Under our more scrupulous STV system, their percentage of the seats will be fairly close to their actual percentage of the vote. (About 17%, the way it looks at the moment.) The system is as fair as it’s possible to be in this respect.

If none of the candidates makes the quota on their first preference votes, the next move is the elimination (or ‘exclusion’) of the lowest-polling candidate. The votes in their pile are transferred to whoever is listed as the next preference. (Each vote is a list, remember). If after this redistribution someone reaches the quota, they’re elected. If no one does, the next-lowest candidate is eliminated, and so on.

(In practice, several of the lowest-polling candidates’ piles will often be redistributed at once.)

So what happens when a candidate is elected? Naturally, they almost always get more than the quota on the count that elects them, and the extra vote is called the “surplus”. Say the quota was ten thousand and a candidate has eleven thousand votes. They have a ten percent surplus, so ten percent of their votes are chosen randomly and distributed to the candidate listed as the next preference.

(The random part introduces a slight approximation, but it’s precise enough with large numbers.)
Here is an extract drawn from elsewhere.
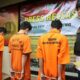 Aksi Curanmor di Tangerang Digulung Polsek Jatiuwung, 8 Tersangka Ditahan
If the surplus doesn’t elect someone else they go back to eliminating people again. And so on until all the seats are filled. It’s somewhat baroque but hey, it’s fair – and it’s fantastically dramatic to watch.

Its disadvantage? Multi-seat constituencies mean local representatives are in competition with each other – not just at elections, but all the time. Even when they’re members of the same party. That makes politics… different. More on this some other time.